The new year brings an end to the snow emergency
Hard work on the part of electricians, miners, and soldiers permits the restoration of electricity and transportation. Electricity has come back almost everywhere, but repairs continue. Some stories from the big cities sunk in darkness and cold. 800 yuan for a hotel room with hot water.

Beijing (AsiaNews/Agencies) - The situation is almost back to normal in China, with roads and train lines open again and electricity restored almost everywhere.  The provincial electricity networks have been repaired, except for that of Guizhou.  All of the coal-fired power plants have fuel for at least 10 days, except for "only" 38 stations, which have enough only for three days.

The work of electricians, miners, transportation employees, and many others who worked through the holiday, together with improvement in the weather, has won out over the emergency, although the meteorologists warn that the threat of snow continues. 80 deaths have been counted from the snow, 800,000 homes have been damaged or destroyed, and the damage has reached at least 80 billion yuan, according to the Chinese Red Cross.  On February 7th, the first day of the lunar new year, 76,000 people departed from the train station of Guangzhou, twice the usual number of travellers.

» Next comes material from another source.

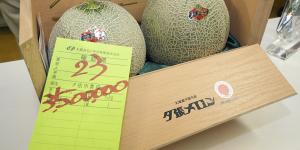 A pair of premium melons,produced in Yubari in Hokkaido,fetch 3.5 million yen ($25,000) in the first auction of 2023 in Sapporo.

The emergency has brought stories of two weeks spent in cold and darkness. Like in Chenzhou, a city of 4.6 million people that remained without electricity or water for two weeks, becoming a ghost city in the evenings, with the stores closed and the streets deserted.  Cars lined up for four hours to fill up with petrol, there was an endless line of dozens of people drawing water from the fire hydrants, and no gas for cooking, but only coal, or wood gathered from the street.  No television or radio, and not even mobile phones after the batteries ran out.  A journalist for the South China Morning Post recounts that very few in the city were aware of the surprise visit of prime minister Wen Jibao, because no sort of information was available.  Without electricity, the banks were closed and only cash was accepted in the city.  The prices of meat, vegetables, and candles more than tripled; but those who had the money got a room at the only five-star hotel in the city: it had electricity, hot water, and heating.  Space for one person cost least 800 yuan per day, but it was full nonetheless, with people sleeping even in the sauna and in the massage areas.  There were 5 or 6 in a two-person room, and those who stayed there invited their friends and family to take a hot shower.  The four-star hotels had electricity and water, but no heating.

Many families even gave up their traditional celebrations together. Zhou Chongguo, an inhabitant of Chenzhou, explains that "It is pointless to have a family reunion when the meal is not going to be a normal year-end dinner". "Having hot food is already a blessing when there is no electricity, gas and water". But his family did not omit, on the first day of the new year, its visit to the grandparents, more than eighty years old, in a nearby village, for which they had to walk for hours through the snow.